My mood soon changed when I saw our new place. For the first time since we had left Vienna, we would have an entire apartment: living room, two bedrooms, kitchen, and bath. At last, nothing to share with anyone else! I would again have my very own room. Since we had only our clothes and a few accumulated books, the physical move was uncomplicated. Not so the emotional one.

Mrs. Grimaldi looked pleased to see us leave. Not Guerino. His deep-set gray eyes were moist. “Take good care of your mother and don't forget to come see me sometime.”

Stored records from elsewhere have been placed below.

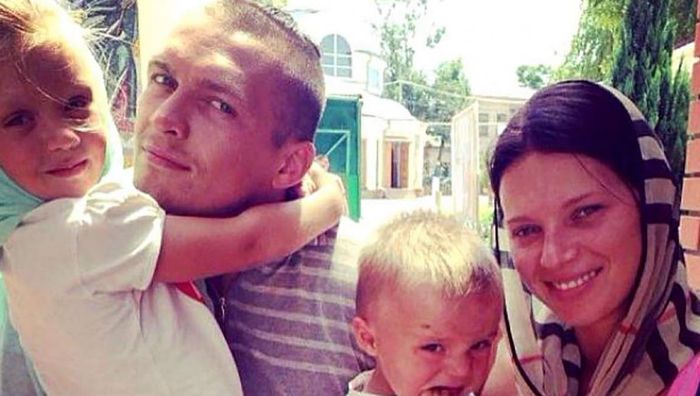Семья Усика продолжает поддерживать Украину после выезда за границу
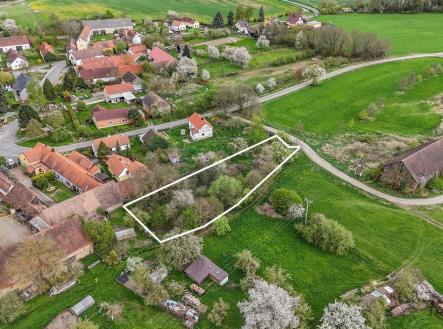 . | Prodej - pozemek pro bydlení, 1 661 m²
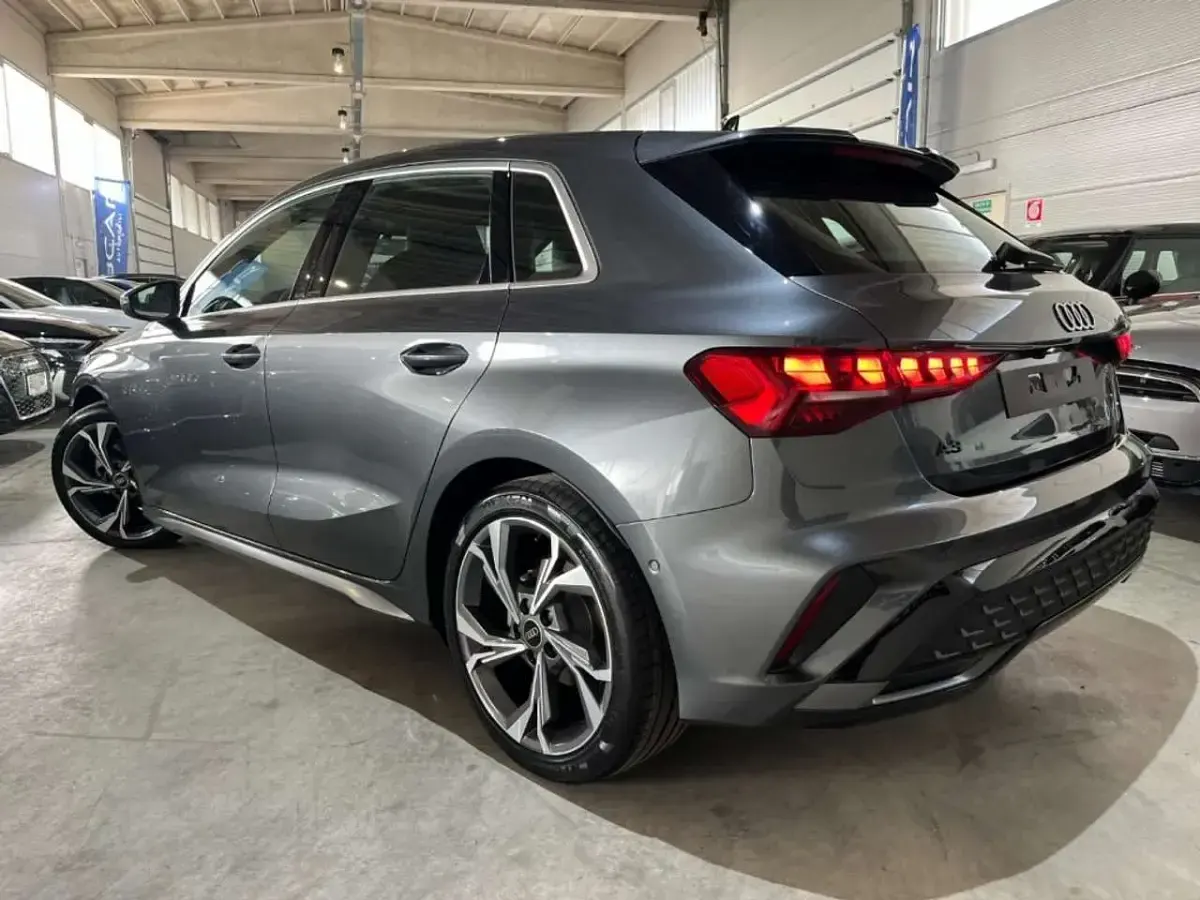 Nuova Audi A3 S-Line 150 CV (110 kW) 2026 Grigio scuro Berlina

“I will. I swear I will come to see you often. I still have to beat you at chess.”

We never saw each other again. I met Mrs. Grimaldi on the street. She told me that Guerino had died a few weeks after we moved. I promised myself then I would never again swear to anything in my life.

 

Our New Home on the Hill

 

T
he small apartment house, standing alone halfway up the hill, offered an extraordinary view of the valley below. Looking out from our second floor balcony, I held my breath. A gentle breeze stroked my face as my eyes embraced the town below and the blue waters of the Mediterranean. Straight down I could see the two small gulfs forming part of the coastline, the fishing port to the right and the sandy beaches to the left. Turning left a bit to the north I could see the delicate rolling hills that became the majestic Alps, while to the right lay the fields of flowers gracefully undulating on smaller hills followed by streams that ran down to the beaches. This wonder prompted the local people to call San Remo the pearl of the Italian Riviera and had inspired Goethe to pose the question: “
Kennst du das Land woh die Zitronen bluehn?
” Across the street, a bit down in a valley, separated by a narrow creek and surrounded by several large fig trees, was the church of San Romolo. Farther down lay large fields of white, pink, red, and yellow carnations in bloom, one of nature's great works of art.